Pada dasarnya, cepat bukan selalu berarti profesional, dan lama bukan selalu berarti buruk. Yang penting transparansi timeline sejak awal.
3. Proses Pengajuan ISBN dan Administrasi
![]() |
| ilustrasi penerbitan buku (freepik.com/senivpetro) |
Namun, ISBN tidak berdiri sendiri karena ada kelengkapan data-data lainnya seperti judul final, penulis, ukuran buku, jumlah halaman, hingga detail lainnya. Jika ada data yang salah, pengajuan bisa ditolak atau diminta revisi.
Beberapa berkas yang biasanya dibutuhkan antara lain:
- File isi final (PDF siap cetak)
- Desain cover lengkap
- Surat pernyataan penerbit
- Data penulis dan deskripsi buku
Jika semua siap sejak awal, tahap ini tidak akan memakan waktu lama. Tetapi jika ada dokumen yang kurang, proses bisa tertunda tanpa kepastian.

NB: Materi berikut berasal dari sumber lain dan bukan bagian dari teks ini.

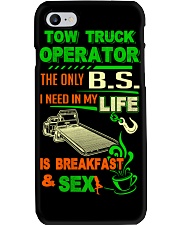TOW TRUCK OPERATOR BREAKFAST AND SEX FLATBED Phone Case thumbnail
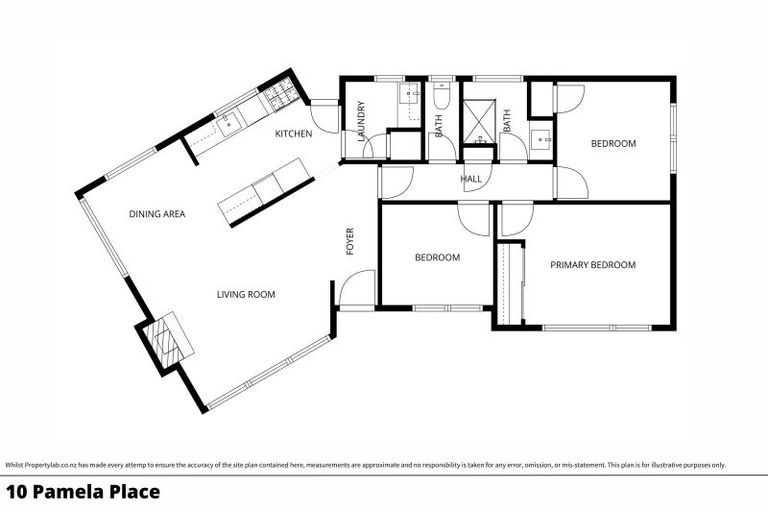 Photo of property in 10 Pamela Place, Deanwell, Hamilton, 3206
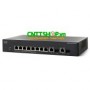 Switch Cisco SRW2008MP-K9 8 Ports PoE 124W 2 combo mini-GBIC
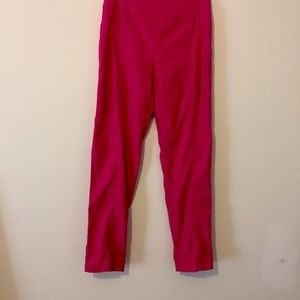 New Directions Hot pink trousers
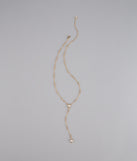 Dainty Glow Rhinestone Necklace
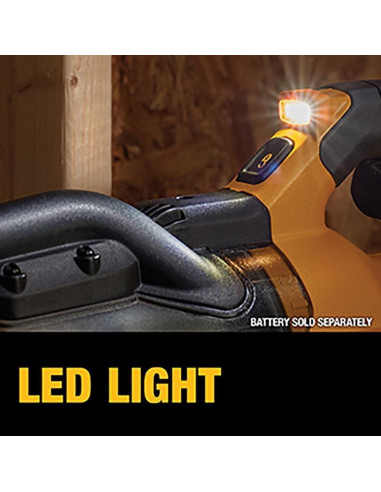 Aspiradora de Mano Inalámbrica DEWALT 20V HEPA DCV501HB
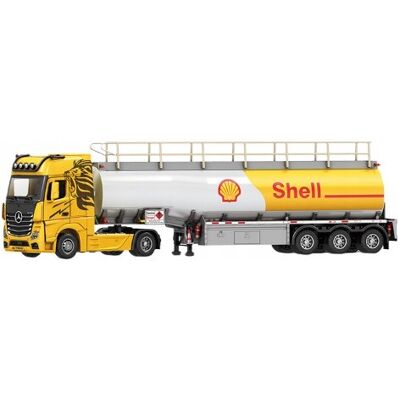 Pan i Pani Gadżet CYSTERNA Z OLEJEM NACZEPA SAMOCHÓD CIĘŻARÓWKA SHELL DO ZABAWY PREZENT 1:24 Pan i Pani Gadżet CYSTERNA Z OLEJEM NACZEPA SAMOCHÓD CIĘŻARÓWKA SHELL DO ZABAWY PREZENT 1:24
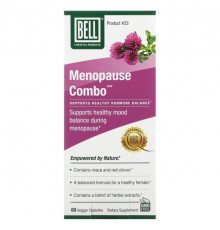 Регуляция гормонального фона Bell Lifestyle, Menopause Combo, 60 растительных капсул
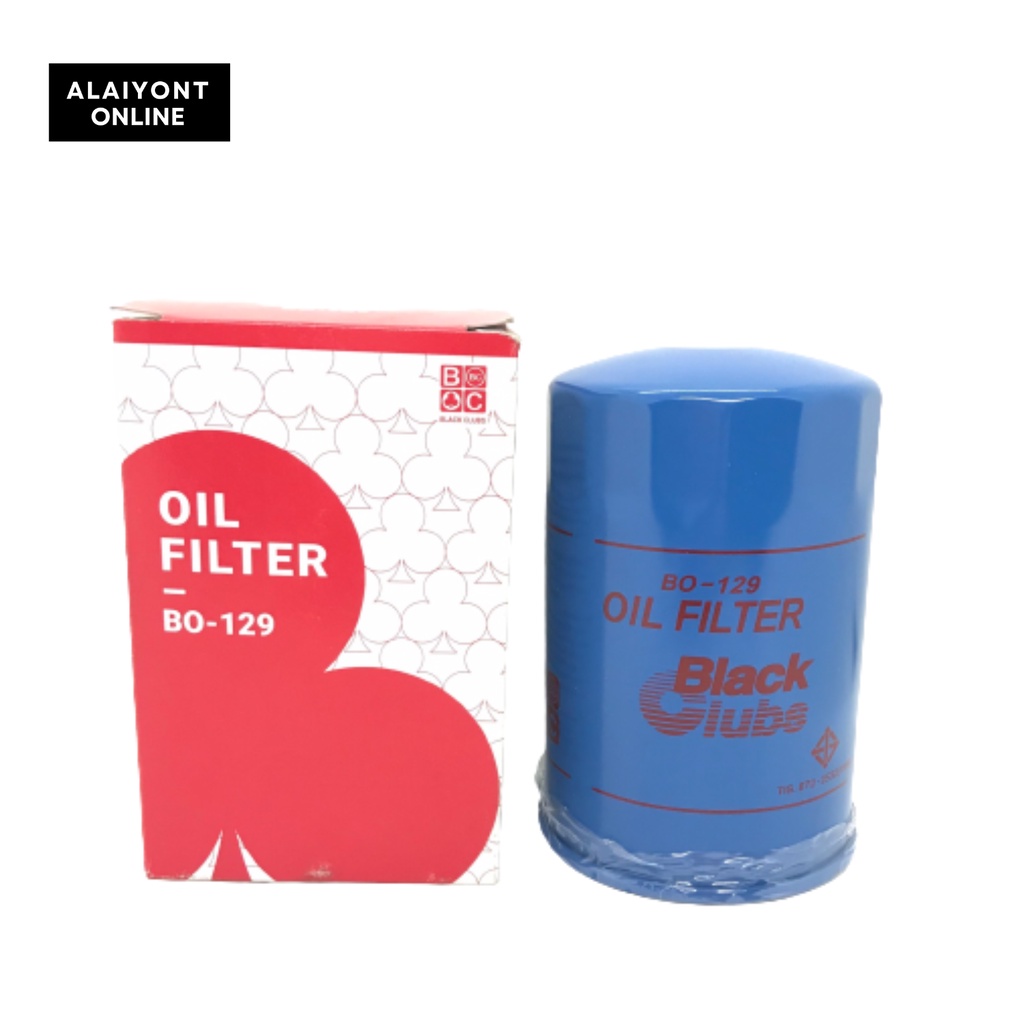 กรองเครื่อง / ไส้กรองน้ำมันเครื่อง TOYOTA 3K / 4K / KE10 / KE70 โตโยต้า ยี่ห้อ BLACK CLUB เบอร์ BO-1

Tapi, ini hanya beberapa, masih mungkin ada data lain sesuai kebijakan dari penerbit juga.
4. Jenis Buku dan Kebijakan yang Berlaku
![]() |
| ilustrasi kumpulan buku (pexels.com/pixabay) |
Beberapa tahun terakhir, penerbitan antologi sangat masif di Indonesia. Akibatnya, ada pengetatan dan selektivitas lebih ketat terhadap jenis buku tertentu.
Antologi bukan berarti tidak bisa mendapatkan ISBN, tetapi peluangnya kini lebih selektif dibanding sebelumnya. Ini menjadi catatan penting bagi penulis yang ingin menerbitkan buku kolaborasi.
Intinya, kualitas dan tujuan dalam menerbitkan buku kini semakin diperhatikan. ISBN bukan sekadar formalitas, tetapi identitas resmi publikasi yang harus dipertanggungjawabkan.
Tapi, tenang saja, karena sudah ada solusi lain menerbitkan buku tanpa ISBN, yaitu dengan QRCBN. Kamu bisa search lebih lanjut terkait hal ini, ya. Solusi ini dapat digunakan untuk buku-buku antologi, ataupun penulis yang ingin lebih cepat melakukan cetak karyanya.
5. Strategi Penulis dalam Mengelola Timeline
![]() |
| ilustrasi membawa buku kemana saja (pexels.com/Andrea Piacquadio) |
Jika ingin buku cepat terbit, penulis perlu menyiapkan semuanya sejak awal. Mulai dari naskah matang, sinopsis jelas, biodata penulis, hingga positioning buku di pasar.
Estimasi realistis proses penerbitan buku ber-ISBN di Indonesia adalah sebagai berikut jika dibagi berdasarkan level kecepatannya:
- Super cepat: 1–2 minggu (kondisi ideal)
- Normal: 1–2 bulan
- Padat antrean atau banyak revisi: 3–4 bulan
Dari pengalaman pribadi, memang ada yang cepat dan ada yang lama. Namun yang paling menentukan bukan hanya penerbit, melainkan kesiapan dan profesionalisme penulis itu sendiri.
Jadi, Berapa Lama Sebenarnya?
Jawaban paling jujur adalah tergantung. Tergantung penerbitnya, kesiapan naskahnya, jenis bukunya, dan kelengkapan administrasinya.
Daripada fokus pada cepat atau lambat, lebih baik fokus pada kualitas dan kesiapan. Karena buku ber-ISBN bukan soal buru-buru terbit, tapi soal karya yang siap dipertanggungjawabkan dalam jangka panjang.
Kalau kamu sedang menyiapkan buku pertamamu, pastikan kamu tidak hanya mengejar ISBN, tetapi juga proses yang matang dan strategis. Nah, pertanyaan yang lebih penting sebenarnya adalah, sudah sampai mana naskah yang ingin kamu terbitkan itu?
Jangan sampai buru-buru ingin menerbitkan buku dan mendapatkan ISBN, tapi menuliskannya saja malas. Jadinya, naskah hanya ada di angan-angan saja tidak kunjung terselesaikan. Ups, izinnn.